Amid the din of a whistleblower testifying about Facebook's problematic policies and a recent widespread outage, the social media giant's Connectivity unit this week provided a detail-filled update on its grand connectivity strategy.
The wide-ranging briefing spanned Facebook's deployment of subsea cables, advancements on a robot that can deploy fiber strands along power lines, and fresh stats for Terragraph, a fixed wireless access platform that uses unlicensed millimeter wave spectrum.
Facebook Connectivity estimates that more than 300 million people now have access to faster Internet in some shape or form thanks to the work of Facebook Connectivity going back to 2013, and believes its various plans and initiatives discussed this week put it in position "to connect the next billion."
"High speed, reliable Internet access that connects us to people around the world is something that's lacking for billions of people around the world," Mike Schroepfer, Facebook's chief technology officer, declared during the company's "Inside the Lab" roundtable discussion. "Business as usual will not solve it. We need radical breakthroughs to provide radical improvements – 10x faster speeds, 10x lower costs."
A handful of Facebook execs and engineers detailed some of the work that's underway, focusing on a subsea cable initiative that provides backbone capacity for regions such as Africa, a new way to deploy fiber networks less expensively, and the use of millimeter wave spectrum to deliver gigabit-class speeds to residences and businesses.
Subsea developments
On the data backbone side of the connectivity ledger, Facebook and its partners are in the process of building 150,000 kilometers of subsea cables, and working on new sea-based power stations that keep those cables juiced.
"This will have a major impact on underserved regions of the world, notably in Africa, where our work is set to triple the amount of Internet bandwidth reaching the continent," Dan Rabinovitsj, Facebook's VP of connectivity, explained. That activity partly ties into a new segment of subsea cables called 2Africa PEARLS that will connect three continents: Africa, Europe and Asia.
Figure 1: Facebook says 2Africa Pearls, a new segment of subsea cable that connects Africa, Europe and Asia, will bring the total length of the 2Africa cable system to more than 45,000 kilometers, making it the longest subsea cable system ever deployed, the company said.
(Source: Facebook)
Cynthia Perret, Facebook's infrastructure program manager, noted every transatlantic cable Facebook connects will contain 24 fiber pairs.
But "capacity alone isn't enough," she said, noting that Facebook is also working on ways to configure and adapt the amount of capacity provided to each landing point. Facebook is also utilizing a model called "Atlantis" to help forecast and optimize where subsea cable routes need to be built. An integrated adaptive bandwidth system will likewise allow Facebook to shift capacities based on traffic patterns and reduce congestion and improve reliably, Perret explained.

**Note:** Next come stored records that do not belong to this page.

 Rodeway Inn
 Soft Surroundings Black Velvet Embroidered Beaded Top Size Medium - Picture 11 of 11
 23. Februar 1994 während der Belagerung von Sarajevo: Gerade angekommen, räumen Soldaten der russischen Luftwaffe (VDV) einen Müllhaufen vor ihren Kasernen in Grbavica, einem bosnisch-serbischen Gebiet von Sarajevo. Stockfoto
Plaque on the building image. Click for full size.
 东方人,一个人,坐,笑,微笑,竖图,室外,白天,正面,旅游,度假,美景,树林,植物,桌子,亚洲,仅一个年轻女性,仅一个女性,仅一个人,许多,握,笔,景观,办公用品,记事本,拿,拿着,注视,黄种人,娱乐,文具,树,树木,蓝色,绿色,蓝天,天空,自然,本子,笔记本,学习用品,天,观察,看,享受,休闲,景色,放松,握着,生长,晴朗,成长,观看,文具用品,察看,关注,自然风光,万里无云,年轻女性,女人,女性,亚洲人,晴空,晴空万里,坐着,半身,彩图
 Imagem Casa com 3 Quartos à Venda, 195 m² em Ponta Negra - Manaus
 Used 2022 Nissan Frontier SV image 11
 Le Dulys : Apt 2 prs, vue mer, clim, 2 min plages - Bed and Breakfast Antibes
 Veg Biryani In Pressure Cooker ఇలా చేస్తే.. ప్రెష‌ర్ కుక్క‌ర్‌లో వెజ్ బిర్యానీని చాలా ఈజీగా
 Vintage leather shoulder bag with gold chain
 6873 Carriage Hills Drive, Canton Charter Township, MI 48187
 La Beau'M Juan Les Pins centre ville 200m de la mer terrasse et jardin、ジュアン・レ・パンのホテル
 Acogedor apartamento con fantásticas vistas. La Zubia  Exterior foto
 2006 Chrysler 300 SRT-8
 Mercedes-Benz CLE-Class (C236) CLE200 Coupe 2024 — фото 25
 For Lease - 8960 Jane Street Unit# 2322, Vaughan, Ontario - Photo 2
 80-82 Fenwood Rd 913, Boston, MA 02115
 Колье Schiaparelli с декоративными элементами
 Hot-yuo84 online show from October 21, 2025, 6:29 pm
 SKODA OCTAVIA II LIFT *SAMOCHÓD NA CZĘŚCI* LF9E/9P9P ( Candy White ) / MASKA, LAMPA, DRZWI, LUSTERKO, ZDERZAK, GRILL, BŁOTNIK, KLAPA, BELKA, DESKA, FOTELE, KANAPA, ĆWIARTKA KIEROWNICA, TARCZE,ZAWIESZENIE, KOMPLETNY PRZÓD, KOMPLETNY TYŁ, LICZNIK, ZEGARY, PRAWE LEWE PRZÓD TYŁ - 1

Facebook is also exploring new ways to power the repeaters that are deployed along the route of the subsea cables. Rather than powering those cables from somewhere on-shore, which represents a "major constraint," Facebook is teaming with partners on floating power buoys that can be deployed along the subsea fiber routes, Perret explained.
Figure 2: Facebook says it will soon begin trials of floating buoys to power its subsea cables.
(Source: Facebook)
Tapping into a mix of solar panels and wave energy converters, the aim is to continually generate up to 25 kilowatts of power to the subsea cables. That solution, the company believes, will help bump capacities from .5 petabits per second to 5 Pbit/s. Facebook expects to start trials of these floating power stations "shortly," Perret said.
I, (Fiber Deployment) Robot
Facebook has also been active on land, announcing that it has made major progress with Bombyx, a robot that deploys fiber strands along widely deployed medium-voltage power lines.
The general idea behind Bombyx, a project introduced last year, is to vastly reduce the costs and time required to deploy fiber. Facebook estimates that each robot will eventually be able to install more than a kilometer of fiber – and avoid obstacles along the way – in roughly 90 minutes.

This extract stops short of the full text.